王宮の馬車とはいえ、大森林を通ると流石に揺れは防げない。ガクガクとする眼鏡を押さえるのも諦めてしまった。しかし、彼が生きた心地という謎の大地を喪っている理由はそれではない。ひとつは、王族であるスゥハが馬に乗っているのに自分如き平民が馬車に乗っていること。何故なら俺は馬に乗れないんです!乗る機会なんて庶民にはないんですよ!心の中で泣きながら自分の不敬っぷりを謝罪していた。そしてもう一つが、これからの作業は自分にかかっている、という重責からだった。
スゥハ、ルクス、ミハクそして数人の護衛たちが騎乗し、馬車の中には自分とシャイネ、ゼンがいた。この大所帯は世界樹に向かっている。タグリットが世界樹の時間を動かせるかどうか、いよいよ実践にうつるのだ。
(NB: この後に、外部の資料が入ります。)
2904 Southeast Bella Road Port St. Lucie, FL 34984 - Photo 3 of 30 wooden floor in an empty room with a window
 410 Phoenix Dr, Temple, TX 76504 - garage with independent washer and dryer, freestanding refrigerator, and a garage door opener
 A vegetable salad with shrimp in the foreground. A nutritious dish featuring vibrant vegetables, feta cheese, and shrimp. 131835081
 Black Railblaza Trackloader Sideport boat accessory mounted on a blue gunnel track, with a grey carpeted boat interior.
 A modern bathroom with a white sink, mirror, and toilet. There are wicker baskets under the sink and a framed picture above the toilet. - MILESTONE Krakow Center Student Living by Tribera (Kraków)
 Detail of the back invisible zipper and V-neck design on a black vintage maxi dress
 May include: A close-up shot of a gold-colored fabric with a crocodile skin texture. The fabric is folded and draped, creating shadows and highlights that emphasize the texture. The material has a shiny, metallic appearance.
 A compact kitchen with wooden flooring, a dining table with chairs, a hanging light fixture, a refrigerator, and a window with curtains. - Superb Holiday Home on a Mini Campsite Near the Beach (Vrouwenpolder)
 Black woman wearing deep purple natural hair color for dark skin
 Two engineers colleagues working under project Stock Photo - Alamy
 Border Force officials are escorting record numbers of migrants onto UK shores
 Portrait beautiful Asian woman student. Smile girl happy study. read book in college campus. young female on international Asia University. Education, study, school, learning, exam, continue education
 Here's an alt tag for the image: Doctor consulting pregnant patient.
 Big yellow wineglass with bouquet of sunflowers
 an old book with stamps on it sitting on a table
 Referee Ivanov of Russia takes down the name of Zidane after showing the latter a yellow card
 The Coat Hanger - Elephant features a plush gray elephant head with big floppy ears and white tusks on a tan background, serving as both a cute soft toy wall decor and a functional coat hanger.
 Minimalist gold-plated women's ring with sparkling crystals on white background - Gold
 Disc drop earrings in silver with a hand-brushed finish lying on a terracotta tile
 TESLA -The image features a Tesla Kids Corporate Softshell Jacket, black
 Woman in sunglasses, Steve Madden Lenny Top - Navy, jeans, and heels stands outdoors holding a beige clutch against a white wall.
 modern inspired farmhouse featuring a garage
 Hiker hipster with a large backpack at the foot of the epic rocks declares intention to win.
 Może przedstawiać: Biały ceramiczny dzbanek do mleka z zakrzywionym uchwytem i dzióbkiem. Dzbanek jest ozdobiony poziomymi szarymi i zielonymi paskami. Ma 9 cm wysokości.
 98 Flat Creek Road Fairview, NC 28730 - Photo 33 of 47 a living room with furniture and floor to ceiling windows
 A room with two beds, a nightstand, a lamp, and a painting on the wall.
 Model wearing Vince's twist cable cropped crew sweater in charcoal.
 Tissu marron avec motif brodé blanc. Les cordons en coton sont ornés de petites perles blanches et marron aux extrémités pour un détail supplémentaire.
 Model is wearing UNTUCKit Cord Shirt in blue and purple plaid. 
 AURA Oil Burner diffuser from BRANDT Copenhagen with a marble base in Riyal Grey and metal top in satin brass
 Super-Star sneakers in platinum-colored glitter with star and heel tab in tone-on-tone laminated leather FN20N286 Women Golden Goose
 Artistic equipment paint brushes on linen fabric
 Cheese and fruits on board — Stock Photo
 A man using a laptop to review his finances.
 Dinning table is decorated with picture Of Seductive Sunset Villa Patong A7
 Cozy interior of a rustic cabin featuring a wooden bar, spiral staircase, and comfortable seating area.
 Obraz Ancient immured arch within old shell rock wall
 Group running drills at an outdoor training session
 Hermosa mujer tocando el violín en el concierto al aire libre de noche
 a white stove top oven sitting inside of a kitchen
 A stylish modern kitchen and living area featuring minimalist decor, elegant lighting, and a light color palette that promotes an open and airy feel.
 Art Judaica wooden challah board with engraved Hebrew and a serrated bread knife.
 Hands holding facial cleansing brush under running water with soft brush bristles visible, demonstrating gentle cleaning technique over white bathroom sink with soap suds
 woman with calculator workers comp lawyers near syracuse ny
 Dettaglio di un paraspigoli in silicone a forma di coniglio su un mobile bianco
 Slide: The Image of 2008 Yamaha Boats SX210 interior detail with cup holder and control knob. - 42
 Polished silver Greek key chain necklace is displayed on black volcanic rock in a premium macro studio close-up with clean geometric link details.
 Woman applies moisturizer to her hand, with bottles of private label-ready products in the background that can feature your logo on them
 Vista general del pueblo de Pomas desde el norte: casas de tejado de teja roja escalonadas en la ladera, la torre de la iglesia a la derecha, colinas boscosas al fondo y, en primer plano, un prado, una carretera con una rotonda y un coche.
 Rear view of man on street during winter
そもそもタグリットは自分の能力を理解していなかった。幼少期に母が教えてくれたやり方で、花が咲く期間を長く保てたことから寿命を延ばせるのだと思っていた。ところが偶然にも種を一気に開花まで進めてしまったことがあり、そこで自分は寿命を延ばすのではなく、成長速度を調整出来るのだと気付いた。どこまでが可能なのか、一度森の中で試したことがある。木の苗を爆発的に成長させ、見事な木に進めることが出来た。正直恐ろしかった。これは自分なんかが保有していい能力ではない。そこから、タグリットは自身の能力を知ろうとするのをやめたのだ。俺は静かに生きていたい。この力は、母ちゃんの墓に供える花にこっそり使うくらいが丁度いいんだ。そう思っていたのに…。
あれよあれよと第三研究所に巻き込まれ、シャイネという探究心の権化にひん剥かれる日々。そこで芽生えたゼンという少年との友情。しかし、その日々で自分はまたしても勘違いをしていたことが発覚したのである。タグリットの能力は、成長速度を操るものではなかった。時間の逆行も可能で、つまり、タグリットの能力は植物の時間そのものの操作だったのだ。何度も失敗はしたが、枯れた花が再び鮮やかに咲き誇ったとき、嬉しさよりも恐ろしさが勝っていた。万歳しているシャイネとそれを取り押さえるゼンを遠くに感じていた。頭の中に、ちらりと蛇男の顔が浮かぶ。本当に、能力の対象が植物だけで助かった。これは人間が持っていい力ではない気がする。自分に対し、薄気味悪さを感じつつも能力の精度を上げてきた。何も、死者を蘇らせる訳では無い。樹を元気な頃に戻せたら、国の危険が少し遠のくらしいじゃないか。ならば、やってやる。そう、自分に言い聞かせていた。
「タグリットさん」
ゼンが窓の外をじとっと見つめたまま固まっているタグリットに声をかけた。
「今回限りじゃないから、無理しないで下さいね。今日は探るくらいでも大丈夫ですから」
「う、うん」
もじゃもじゃ頭をくしゃりと触る。そうだ。自分の能力は、あわよくばの時間稼ぎ。根本的解決を狙っている訳では無いから、出来たら御の字、という位置に居ればよい。ただ、この必死になっている人たちを更に追い詰めたくはなかった。今までタグリットは隠れるように生きてきた。無理せず、目立たず、変わらない日々を。そんな自分が、他ならぬ自分の力に怯えつつも、その力でもって、支えたいと思っている。正直なところ、ぐちゃぐちゃだった。ちらりと窓の外から目線を外す。馬車内では、書物を読み耽ろうとする奇人シャイネと「こんな揺れる中で本を読んだら酔うから、今は駄目です!」とそれを奪おうとするお母さんゼンがすったもんだしていた。こんな自分が頑張ろうとするなんて不思議なものだ。変人ばかりだが、彼等を安心させたかった。かちゃり、とずり落ちた眼鏡を指の節で押し上げる。キッとタグリットは前を向いた。ただ残念なことに、直ぐに眼鏡はまたずれた。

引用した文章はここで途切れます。